◆ EXERCISE AIM ◆
Reproduce all the data exactly, without pictures.

◆ PROVIDED DATA ◆
____

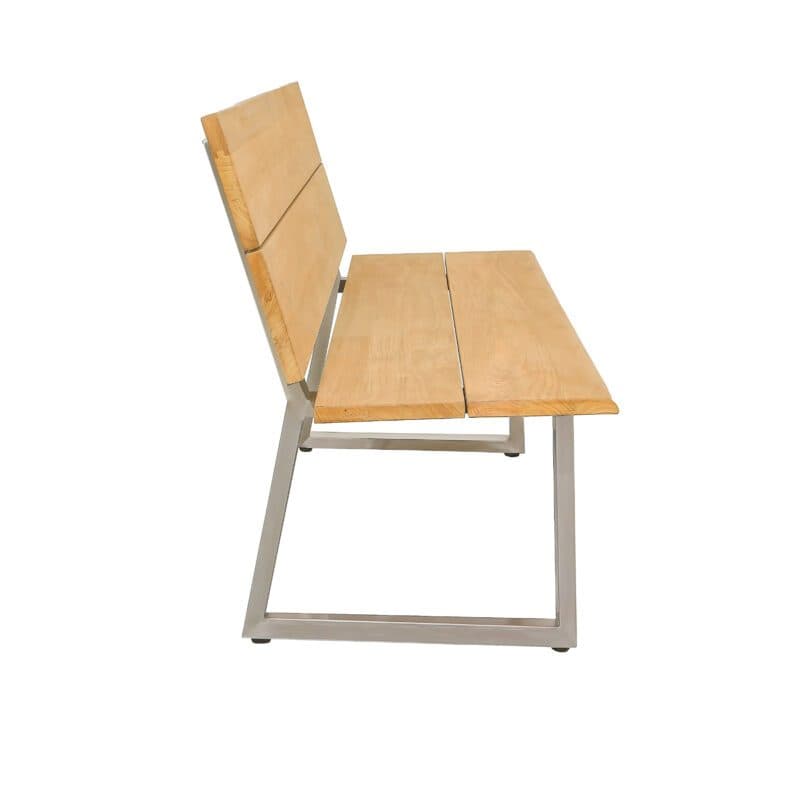 CASA DOMA "Varano" Gartenbank 190 cm, Gestell Edelstahl gebürstet, Sitzfläche Teak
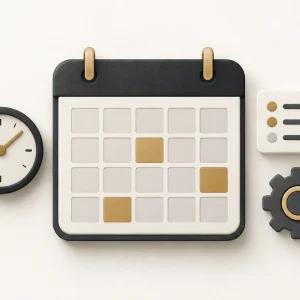 A calendar with gold blocks and empty space, accompanied by a clock, task card and gear.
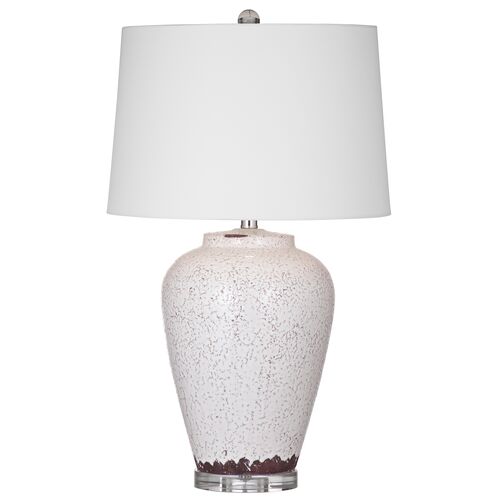 Seth Ceramic Table Lamp, Crackled White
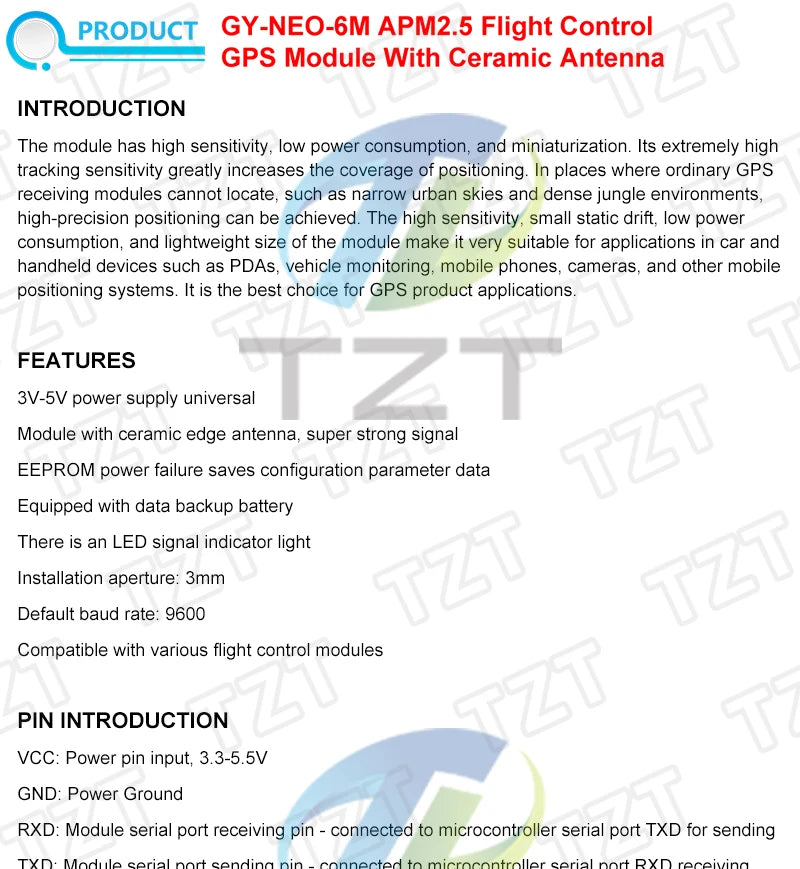 GREATZT 1PCS GY-NEO6MV2 new NEO-6M GPS Module NEO6MV2 with Flight Control EEPROM MWC APM2.5 large antenna for arduino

____

◆ TASK OUTPUT ◆
 CASA DOMA "Varano" Gartenbank 190 cm, Gestell Edelstahl gebürstet, Sitzfläche Teak
 A calendar with gold blocks and empty space, accompanied by a clock, task card and gear.
 Seth Ceramic Table Lamp, Crackled White
 GREATZT 1PCS GY-NEO6MV2 new NEO-6M GPS Module NEO6MV2 with Flight Control EEPROM MWC APM2.5 large antenna for arduino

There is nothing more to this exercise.